The current idea is that this check is not really necessary, and it has to be 
an architectural discussion before we decide to enable it again. I used a 
boolean setting and if-guards instead of outright commenting out the code or 
not having it there so as to reverse it later on. If we discuss this and decide 
to have this feature enabled or configurable, we can make it configurable.

bq.  On 2011-07-22 18:01:31, Ashutosh Chauhan wrote:
bq.  > trunk/src/java/org/apache/hcatalog/common/HCatUtil.java, line 317
bq.  > <https://reviews.apache.org/r/1184/diff/1/?file=26839#file26839line317>
bq.  >
bq.  >     Do we need all these methods ? Looks like you no longer need not to 
acquire token from JT.

I do need to acquire the token from the JobTracker and I do use it - it is 
being used even if not explicitly set - that's what the exporting of the tokens 
dir does.

bq.  On 2011-07-22 18:01:31, Ashutosh Chauhan wrote:
bq.  > 
trunk/src/java/org/apache/hcatalog/har/HarOutputCommitterPostProcessor.java, 
line 41
bq.  > <https://reviews.apache.org/r/1184/diff/1/?file=26840#file26840line41>
bq.  >
bq.  >     Commented code. Either remove it or uncomment it. I think these 
logging statements should be enabled.

(refer above to needing to pull logging out to a separate class, then we can 
stop instantiating static LOGs altogether)

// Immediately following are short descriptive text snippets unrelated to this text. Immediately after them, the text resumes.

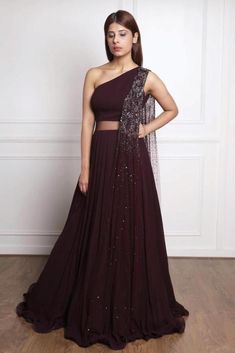 Chiffon Lehenga, Lehnga Dress, One Shoulder Gown, Indian Gowns Dresses, Embellished Gown, Designer Party Wear Dresses, Indian Gowns, Dress Indian Style, Indian Designer Outfits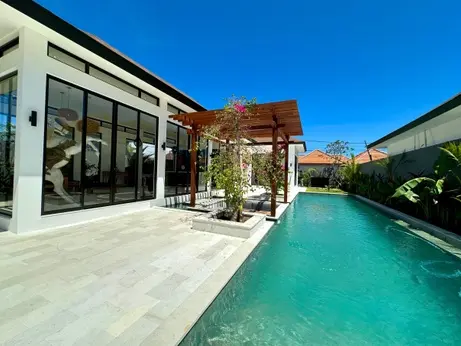 Uluwatu 3-bedroom — image 3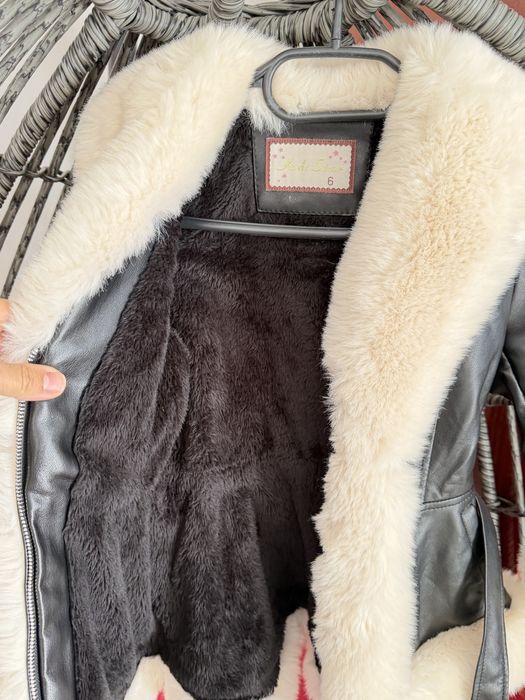 Cojoc fetiță piele ecologică cu blăniță albă Kids Star, Mărimea 6 ani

bq.  On 2011-07-22 18:01:31, Ashutosh Chauhan wrote:
bq.  > trunk/src/java/org/apache/hcatalog/mapreduce/HCatOutputCommitter.java, 
line 91
bq.  > <https://reviews.apache.org/r/1184/diff/1/?file=26845#file26845line91>
bq.  >
bq.  >     Looks like you are not using this map later on. We should probably 
remove it.

Agreed, the functionality was replaced by discoverPartitions(), since we needed 
more info than this provided. This I'll remove and update the patch.

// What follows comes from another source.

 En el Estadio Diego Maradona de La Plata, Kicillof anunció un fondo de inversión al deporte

(TODO:remove baseCommitters)

bq.  On 2011-07-22 18:01:31, Ashutosh Chauhan wrote:
bq.  > 
trunk/src/java/org/apache/hcatalog/har/HarOutputCommitterPostProcessor.java, 
lines 135-145
bq.  > <https://reviews.apache.org/r/1184/diff/1/?file=26840#file26840line135>
bq.  >
bq.  >     Commented code.

I figured it might be useful in the future if we need to debug whether or not 
the har is valid. This I can live without.

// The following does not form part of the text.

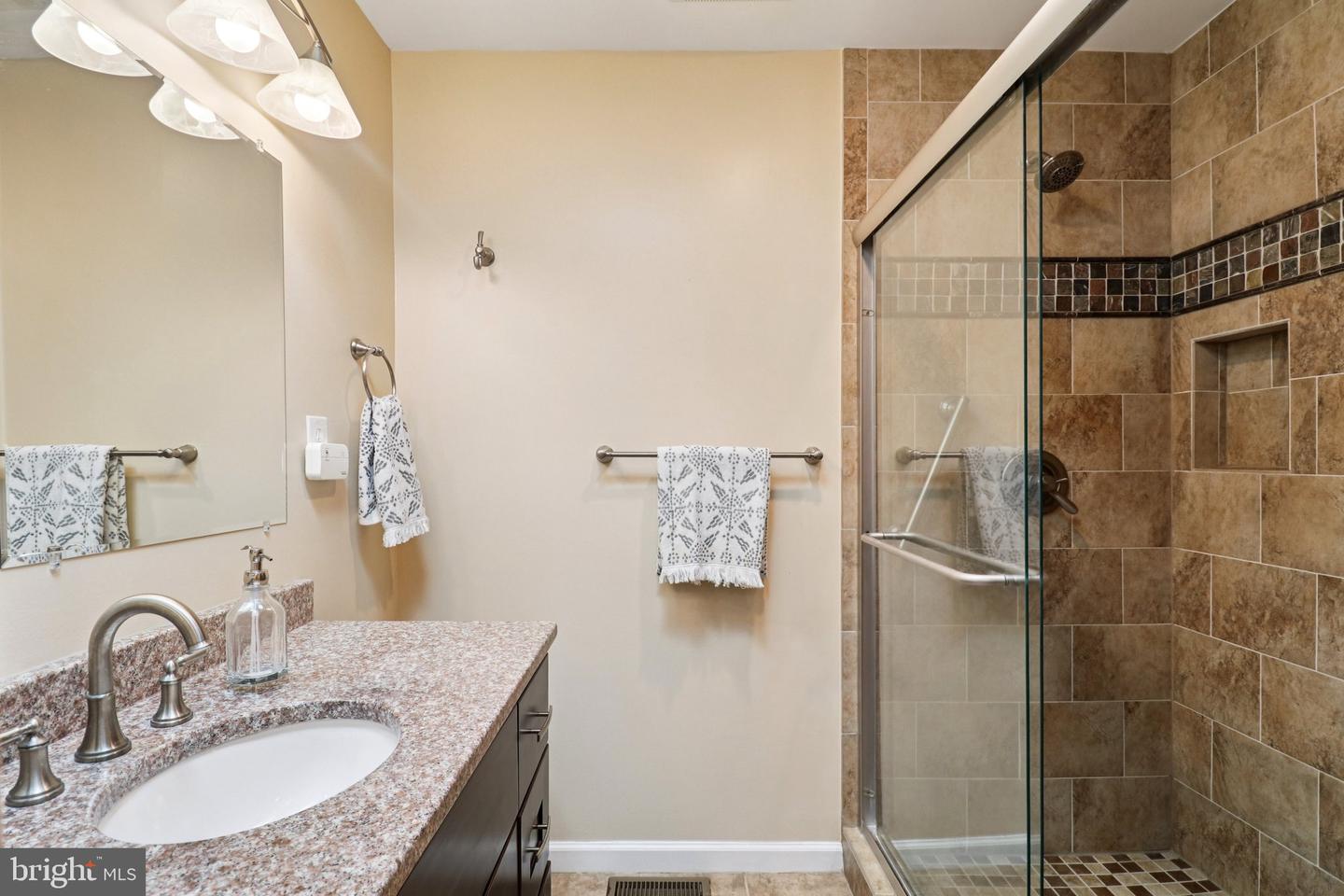 2638 BOWLING GREEN DR, VIENNA, Virginia 22180, 4 Bedrooms Bedrooms, ,2 BathroomsBathrooms,Residential,For sale,2638 BOWLING GREEN DR,VAFX2268866 MLS # VAFX2268866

(TODO:remove commented code)

bq.  On 2011-07-22 18:01:31, Ashutosh Chauhan wrote:
bq.  > trunk/src/java/org/apache/hcatalog/common/HCatUtil.java, lines 329-366
bq.  > <https://reviews.apache.org/r/1184/diff/1/?file=26839#file26839line329>
bq.  >
bq.  >     Looks little unnatural to do logging this way. We should take 
advantage of the logging library to accomplish these tasks.

Agreed on that. :)

We should pull out a bunch of these log functions into a proper log class, and 
also start using log4j proper instead of of only when we debug. Not immediately 
in the scope of this patch, I'd suggest.

bq.  On 2011-07-22 18:01:31, Ashutosh Chauhan wrote:
bq.  > trunk/src/java/org/apache/hcatalog/mapreduce/HCatOutputCommitter.java, 
line 108
bq.  > <https://reviews.apache.org/r/1184/diff/1/?file=26845#file26845line108>
bq.  >
bq.  >     This I think is because you don't have a list of base committers 
initially. But it may be possible to get that list from HCatRecordWriter at 
this point and then call commitTask() on them. Calling commitTask from close() 
looks awkward, if there is a way we should avoid that.

There isn't a really good way for HCatRecordWriter to communicate this to the 
HCatOutputCommitter. The current approach comes closest to what we consider the 
equivalent of the underlying committer's commitTask(), and the RecordWriter is 
a good place to put it, because that is very much in the task scope.

bq.  On 2011-07-22 18:01:31, Ashutosh Chauhan wrote:
bq.  > trunk/src/java/org/apache/hcatalog/mapreduce/HCatOutputCommitter.java, 
lines 132-137
bq.  > <https://reviews.apache.org/r/1184/diff/1/?file=26845#file26845line132>
bq.  >
bq.  >     Instead of special casing for dynamic partitioning we should always 
call baseComitter.setupTask() here. In case of dynamic partitions, this will 
become noop from here and latter call it again from write() to do the real work.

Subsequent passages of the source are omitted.